▸ WHAT THE EXERCISE ASKS:
Write out the entries below exactly, but only from the line containing "Bridgestone Potenza S001 225/50 R17" through the line containing "image for item", and without the pictures.

▸ SUPPLIED ENTRIES:
*** Begin section ***

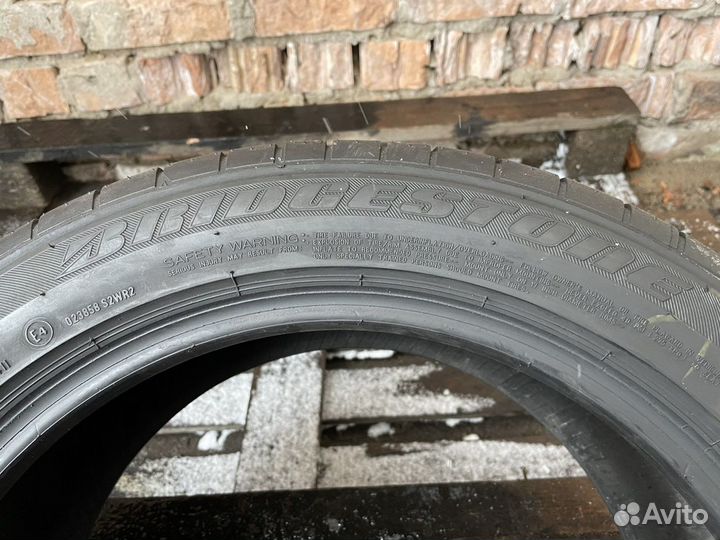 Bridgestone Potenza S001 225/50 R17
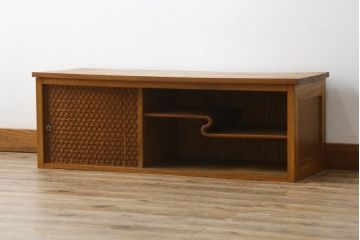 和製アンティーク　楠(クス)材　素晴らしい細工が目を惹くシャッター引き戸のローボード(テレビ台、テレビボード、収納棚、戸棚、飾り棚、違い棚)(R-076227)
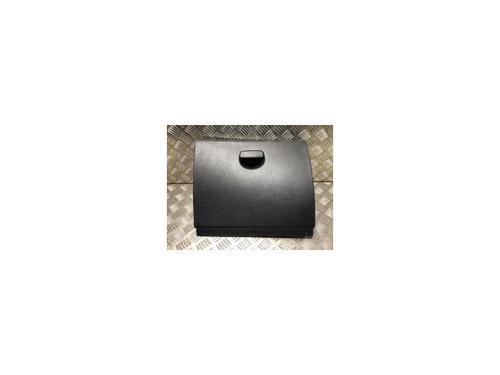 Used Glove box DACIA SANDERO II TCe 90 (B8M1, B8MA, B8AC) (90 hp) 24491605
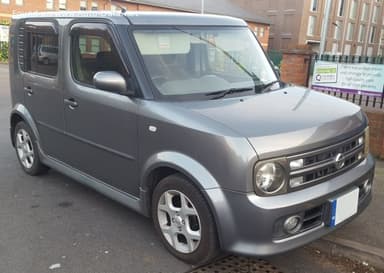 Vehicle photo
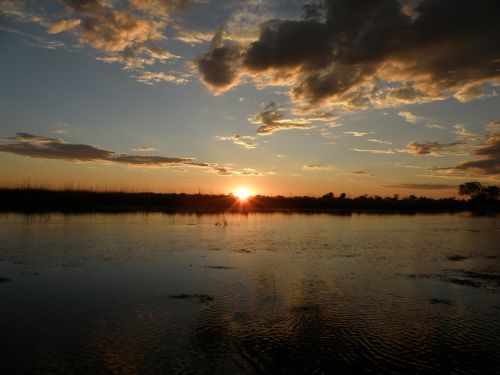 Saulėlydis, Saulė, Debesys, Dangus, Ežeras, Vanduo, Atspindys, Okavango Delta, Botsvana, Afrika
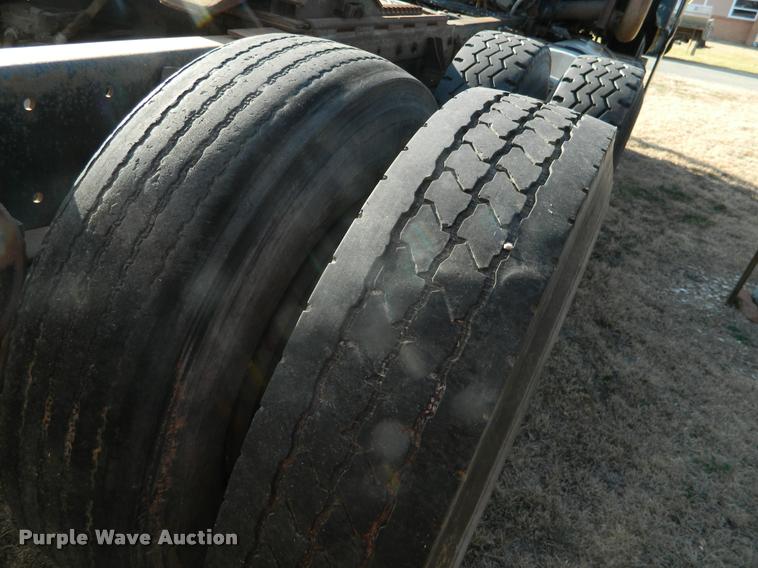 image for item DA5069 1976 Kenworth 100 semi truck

*** End section ***
*** Begin section ***

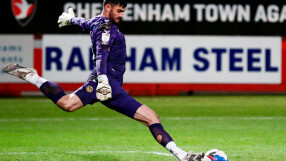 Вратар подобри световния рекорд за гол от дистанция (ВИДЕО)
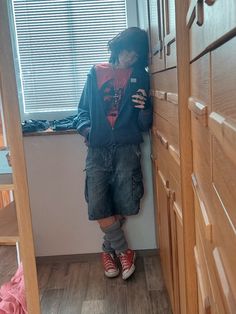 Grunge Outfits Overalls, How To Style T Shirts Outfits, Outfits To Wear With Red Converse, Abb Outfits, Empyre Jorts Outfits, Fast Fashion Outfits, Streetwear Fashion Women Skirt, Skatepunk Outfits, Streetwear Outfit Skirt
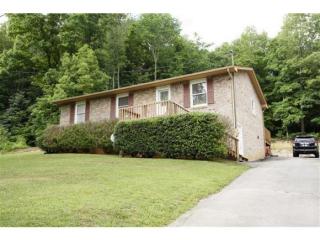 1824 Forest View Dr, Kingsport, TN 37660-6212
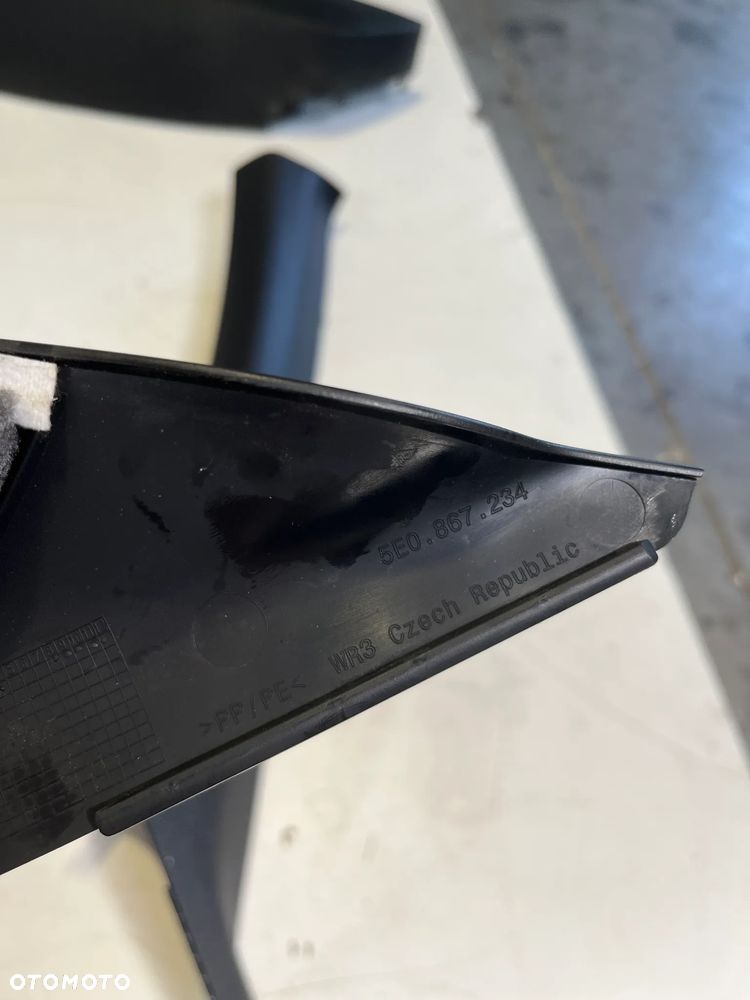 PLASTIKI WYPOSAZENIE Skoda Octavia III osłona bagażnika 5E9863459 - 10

*** End section ***

▸ WRITTEN RESPONSE:
 Bridgestone Potenza S001 225/50 R17
 和製アンティーク　楠(クス)材　素晴らしい細工が目を惹くシャッター引き戸のローボード(テレビ台、テレビボード、収納棚、戸棚、飾り棚、違い棚)(R-076227)
 Used Glove box DACIA SANDERO II TCe 90 (B8M1, B8MA, B8AC) (90 hp) 24491605
 Vehicle photo
 Saulėlydis, Saulė, Debesys, Dangus, Ežeras, Vanduo, Atspindys, Okavango Delta, Botsvana, Afrika
 image for item DA5069 1976 Kenworth 100 semi truck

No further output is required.